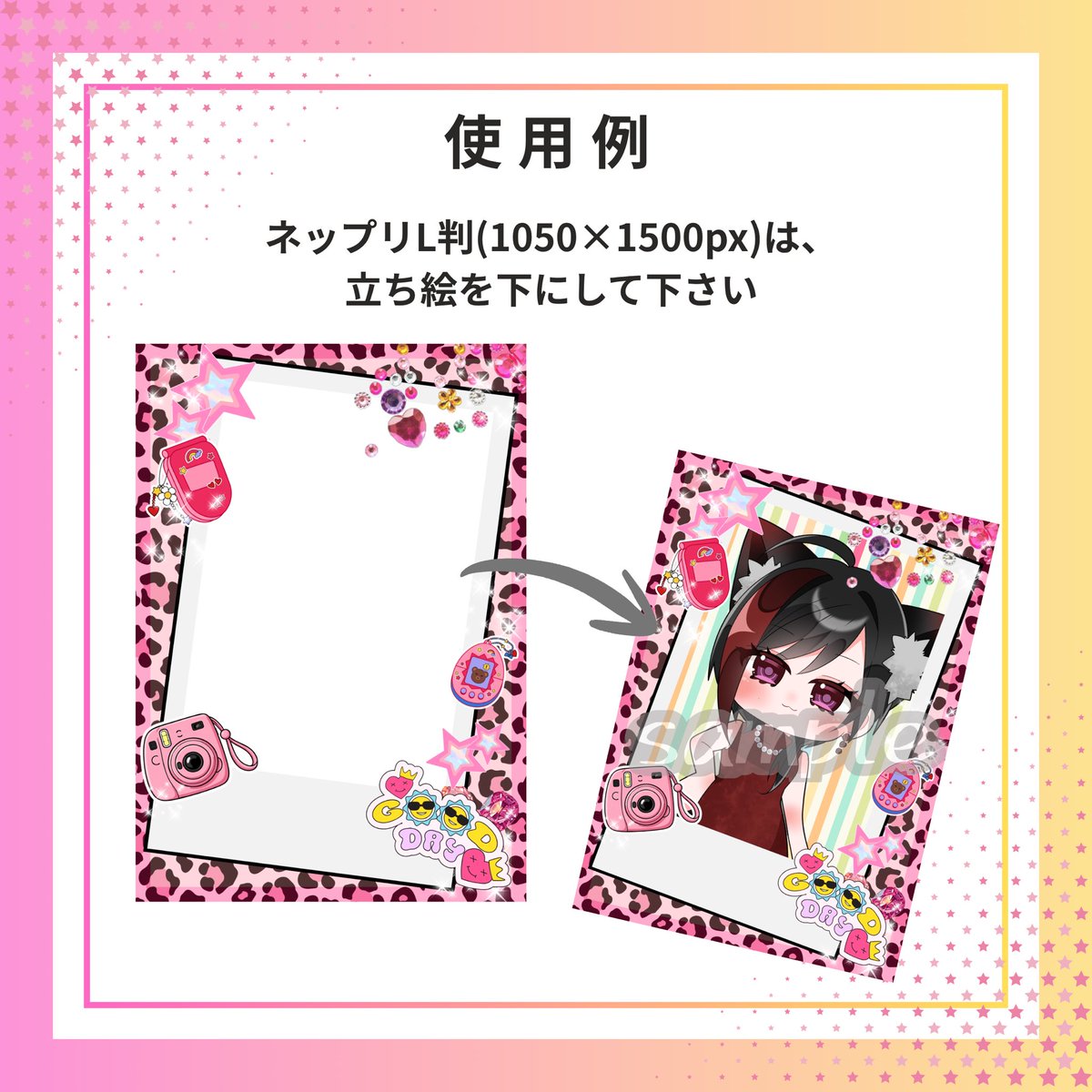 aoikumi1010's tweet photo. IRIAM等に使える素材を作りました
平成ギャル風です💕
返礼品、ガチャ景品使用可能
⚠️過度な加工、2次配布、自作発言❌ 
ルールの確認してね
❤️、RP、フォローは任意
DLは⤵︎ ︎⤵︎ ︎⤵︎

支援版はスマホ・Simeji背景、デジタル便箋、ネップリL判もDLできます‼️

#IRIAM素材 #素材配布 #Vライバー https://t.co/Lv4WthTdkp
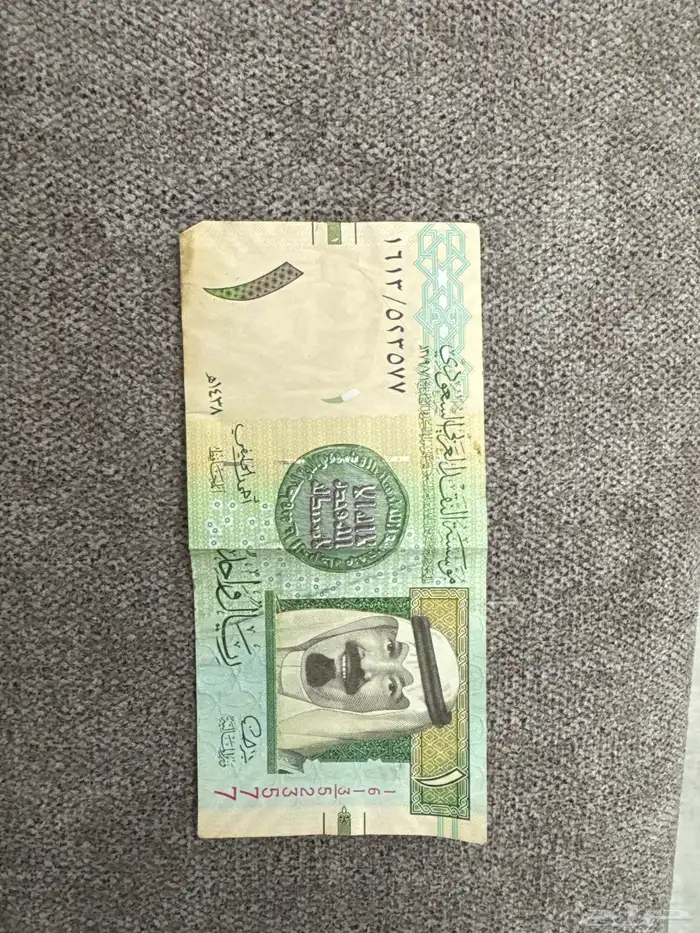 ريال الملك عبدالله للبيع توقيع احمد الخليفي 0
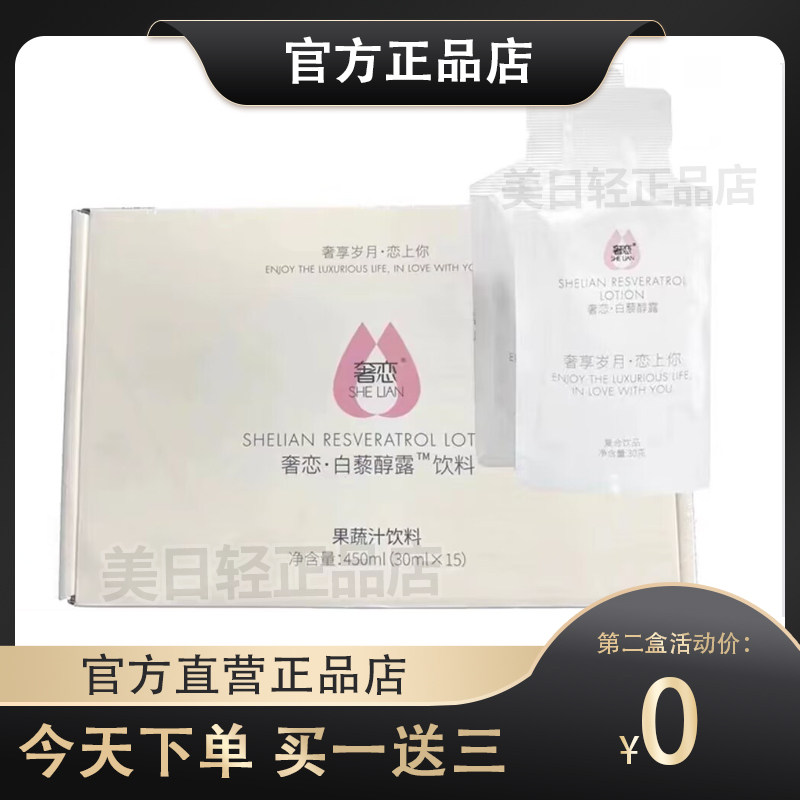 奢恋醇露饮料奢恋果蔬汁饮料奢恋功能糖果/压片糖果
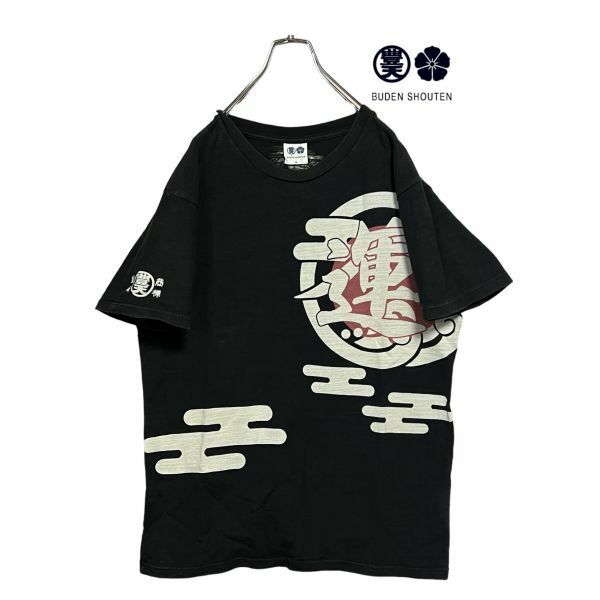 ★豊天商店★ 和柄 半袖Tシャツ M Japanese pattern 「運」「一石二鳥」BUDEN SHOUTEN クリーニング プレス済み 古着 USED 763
──────
▸ **ASSIGNMENT**: Make an exact copy of the records shown above, without the pictures.

▸ **OUTPUT OF THE TASK**:
 aoikumi1010's tweet photo. IRIAM等に使える素材を作りました
平成ギャル風です💕
返礼品、ガチャ景品使用可能
⚠️過度な加工、2次配布、自作発言❌ 
ルールの確認してね
❤️、RP、フォローは任意
DLは⤵︎ ︎⤵︎ ︎⤵︎

支援版はスマホ・Simeji背景、デジタル便箋、ネップリL判もDLできます‼️

#IRIAM素材 #素材配布 #Vライバー https://t.co/Lv4WthTdkp
 ريال الملك عبدالله للبيع توقيع احمد الخليفي 0
 奢恋醇露饮料奢恋果蔬汁饮料奢恋功能糖果/压片糖果
 ★豊天商店★ 和柄 半袖Tシャツ M Japanese pattern 「運」「一石二鳥」BUDEN SHOUTEN クリーニング プレス済み 古着 USED 763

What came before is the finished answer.